As parents, we strive to give our children every advantage. We gladly transport our children to practice, private lessons and club sports. We hope the advantage will later translate into the best college or university, the best job and ultimately the best life possible.
It is less often that adults invest that same amount of money and time when it comes to reading with growing children. Parents naturally set aside time to read to their small children. But the best gift an adult can give children is the time to read with them.

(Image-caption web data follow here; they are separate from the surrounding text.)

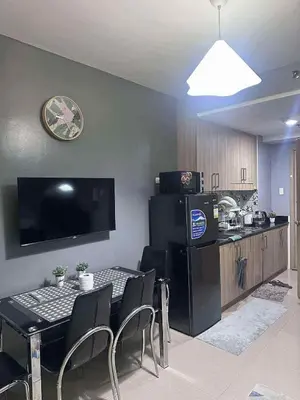 a kitchen and a dining room with a table and chairs at Shore Residences, Vintage charm by Richnells Tower D in Manila
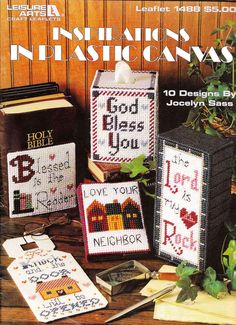 the front cover of an old book with cross stitching on it and other items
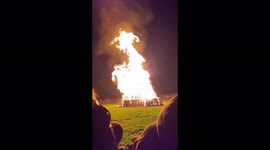 Video featuring fire centrepiece with additional fireworks display behind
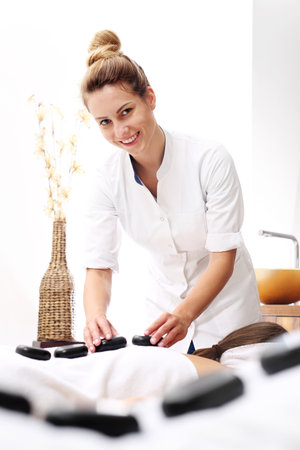 Massage with stones for lovers. A woman sitting on a massage in a spa salon.の写真素材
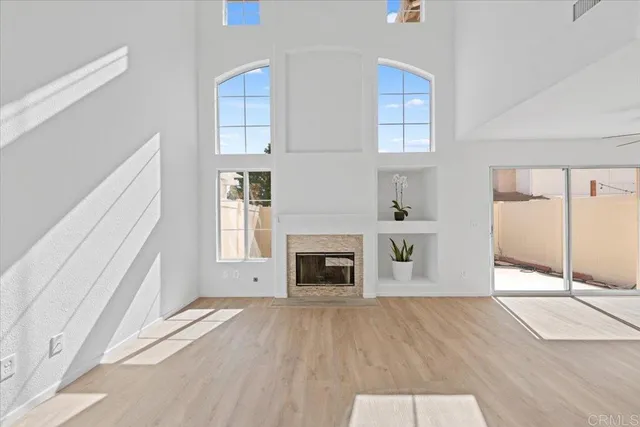 a view of a livingroom with wooden floor and fireplace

Here is an example for parents without a lot of spare time: In the Newbery Award novel, "When You Reach Me," the main character’s name is Miranda. Miranda cannot understand why her mother, a paralegal, named her after a protective criminal procedure rule to protect a person suspected of a crime. Miranda finds out that her name was a name created by Shakespeare in his play, "The Tempest."
The name Miranda is derived from the Latin word mirandus meaning admirable, wonderful. Miranda became a popular girl’s name in the 20th century, and it is the name of one of the moons of Uranus.
Imagine the richness and the depth of knowledge that can be gained from reading just that one section with a child instead of reading the whole novel aloud. Reading with children develops strong vocabulary and influences the development of strong writing skills. Good literature expands a child’s world, develops an appreciation and understanding of different cultures, teaches ethics and develops intellectual gifts.
Another example of how reading with children is different from reading to children could occur with the novel "A Single Shard."
"A Single Shard," by Sue Ellen Park, is a story that teaches perseverance, courage, creativity and devotion. It is set in 12th century Korea. The main character, Tree-Ear is an orphan who lives with Crane Man under a bridge and lives on the cast-offs of others.
Tree-Ear admires the work of potter Min, who designs celadon pottery, the finest in all of the village. Tree-Ear inadvertently destroys one of Min’s intricate works of art. As a result, Tree-Ear has to spend nine days chopping wood for the community kiln. Min’s wife provides Tree-Ear with a lunch each day, and observes that he only eats half of it. Tree-Ear saves the other half for Crane Man’s supper in the evening. The ensuing events change the lives of Tree-Ear and Min forever.
After reading the story, parents could take children on a trip to the Chicago Art Institute to see the Korean celadon pottery to add another dimension and deeper understanding to the novel.
The Mary Englebright poster that show a young girl reading a book on magic carpet as it flies through the night says it all. “A book is a present you can open again and again.”
Open that present with children this holiday season.